But consolidation and richer file data are not the only issues driving users to examine scale-out NAS solutions.  The global financial crisis has driven IT to examine every new purchase with an increased focus on finding opportunities to reduce both capital and operational expenses.  Technologies that reduce overall storage requirements or that drive higher levels of resource utilization are seeing a significant uptick in interest—and traditional ways of doing business are being re-examined to find ways to drive better efficiencies.

Scale-Out NAS Makes Economic Sense

Multi-dimensional scale is a core requirement of rich file-based storage architectures as well as other applications with similar requirements.  Scale-out, the ability to independently scale and tune bandwidth, processing, and storage capacity on the fly—all while managing the file system and single global namespace—is becoming the new backbone of file-based storage solutions.

Scale-out storage architectures are significantly different than the monolithic, scale-up storage architectures (e.g., traditional NAS or SAN systems) that were developed to meet distributed computing needs.

Scale-Up versus Scale-Out

Scale-up NAS is just as it sounds: it is designed to be monolithic, where lots of storage sits behind one or two NAS heads, and is designed to scale into the multi-TB range behind those NAS heads.  Once the limit on storage is hit, a new monolithic system is installed, with a new file system to manage.  There is no way to share the workload between the systems and migrating directories or files between systems means remapping and remounting for each and every client with access.  Those that have been through it know the pain of the process; it can be excruciating in a large enterprise environment with lots of clients and zero tolerance for downtime.

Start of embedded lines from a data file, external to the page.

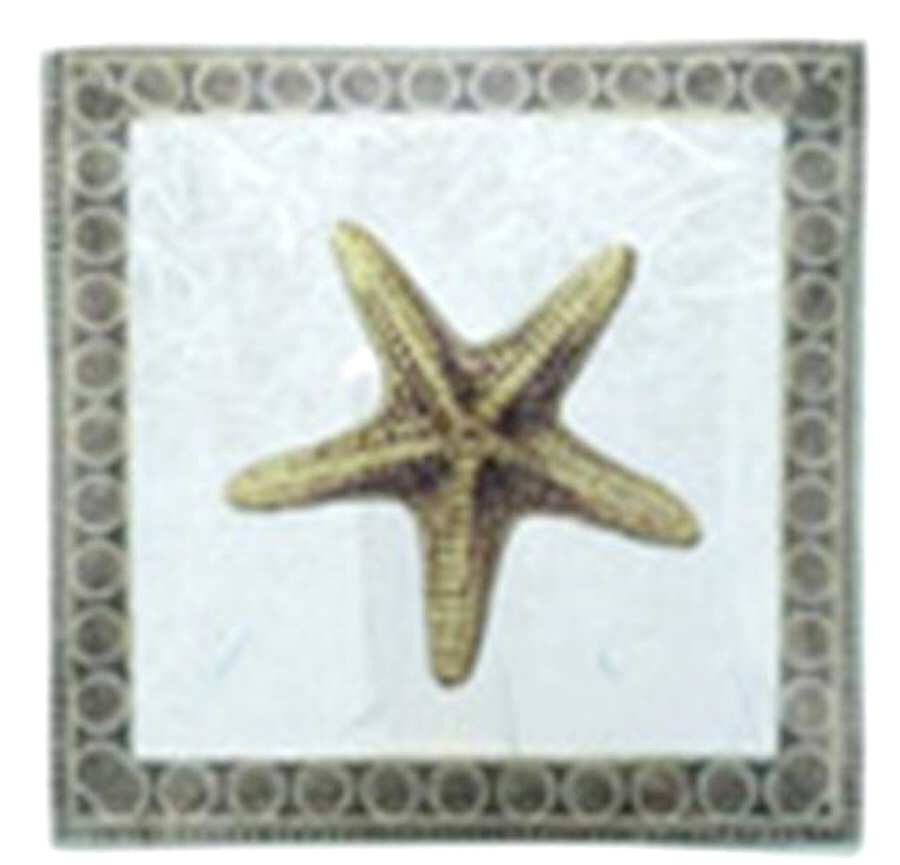 Sea Collection 5" Square Plate by Vietri-1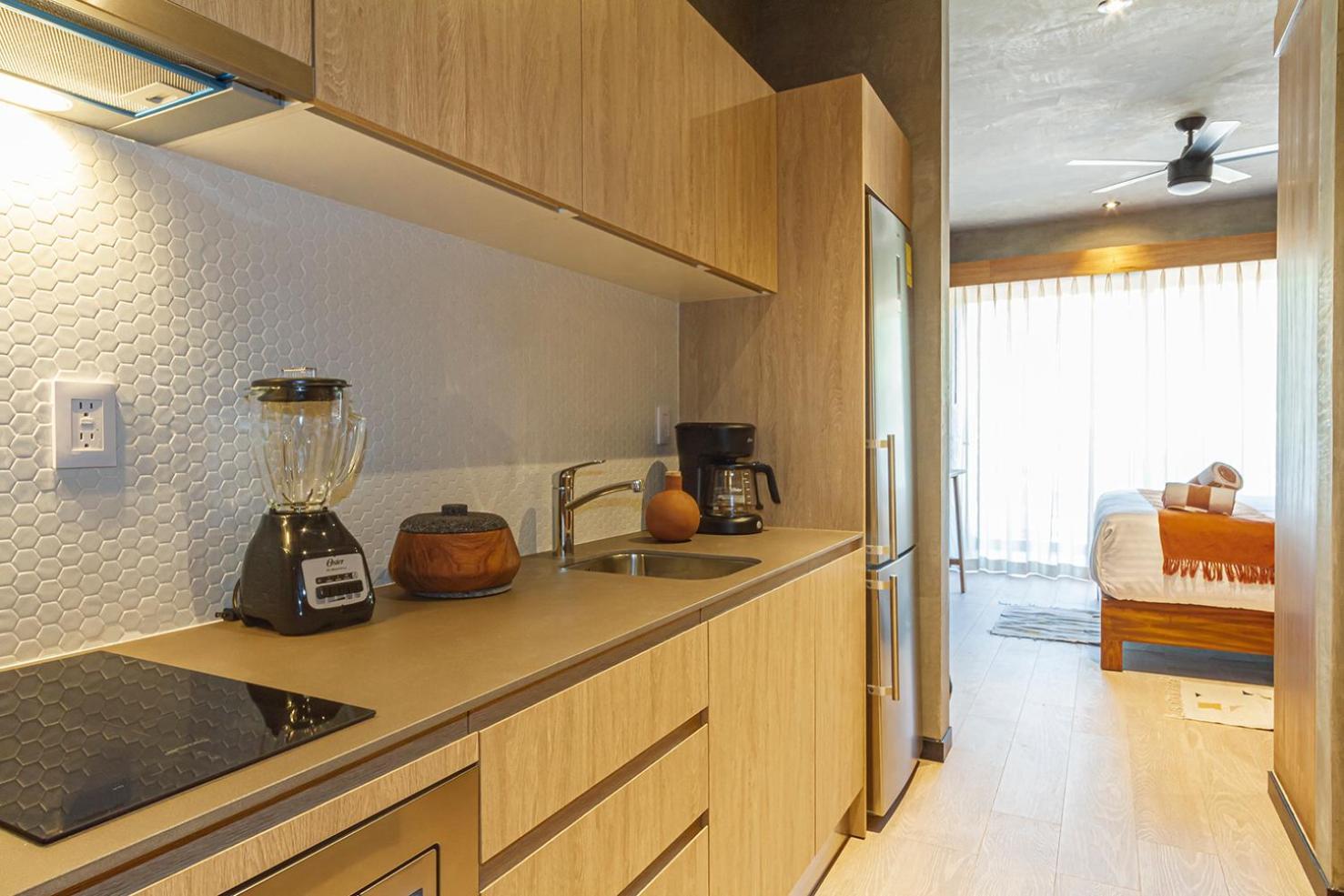 Impresionante Condominio Tuk Tulum Bagian luar foto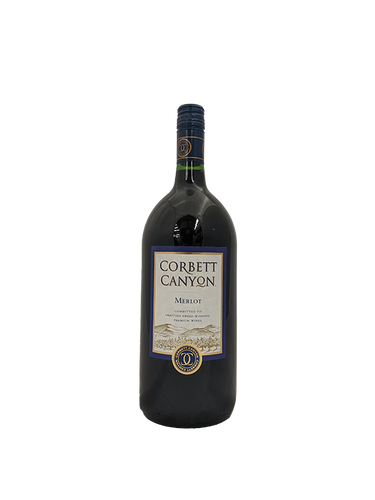 Corbett Canyon Merlot 1.5L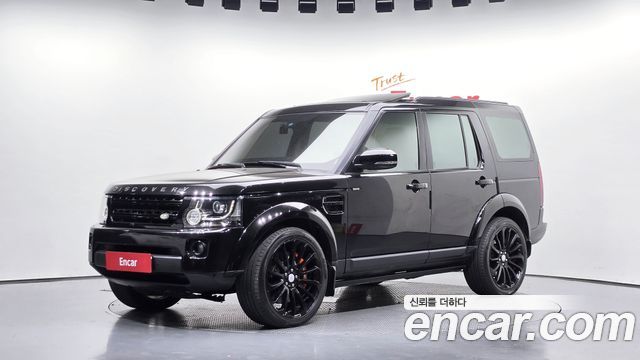 Land Rover Discovery 4 3.0 SDV6 SE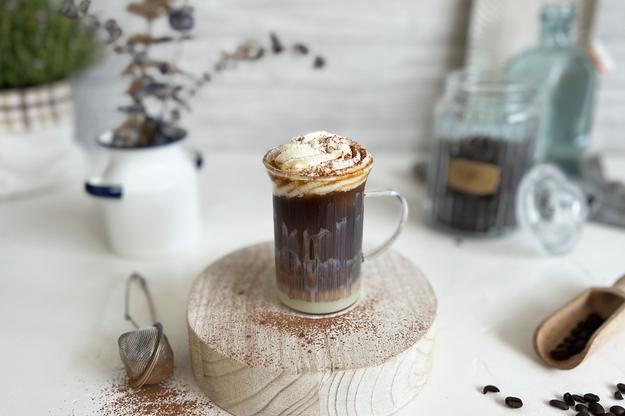 Café mocha bombón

Performance in today’s monolithic scale-up systems is often scaled by adding a storage rack and more spindles to increase throughput and reduce latency.  In addition to adding spindles, the extra drives are often short-stroked to reduce seek time and further increase throughput, creating an environment with very low storage utilization rates.  This is an expensive proposition for serving throughput-intensive applications.  To create an efficient file serving environment, storage capacity needs to be scaled independent of bandwidth and servers (scale-up) and IO capacity and sequential file serving performance needs to be scaled by adding nodes (scale-out).

The Economics of Scale-Out NAS

Scale-out NAS not only meets rich media performance requirements, it does so cost effectively. With independent scaling of storage capacity, processors, and bandwidth, users can grow when and as needed without buying racks and power supplies in advance of capacity or buying extra spindles to stripe files across.  Consequently, scale-out NAS provides “just-in-time” scalability.  And, with most scale-out systems, many low level storage management tasks are automated, such as expanding the file system when new physical capacity is added and load balancing performance across processors, significantly reducing management costs.

Adding processing power independently, as can be done with scale-out systems, saves more than floor and rack space. In addition to getting better performance, it significantly reduces power consumption relative to scale-up systems since processors typically use 95% less power than an additional disk shelf consumes.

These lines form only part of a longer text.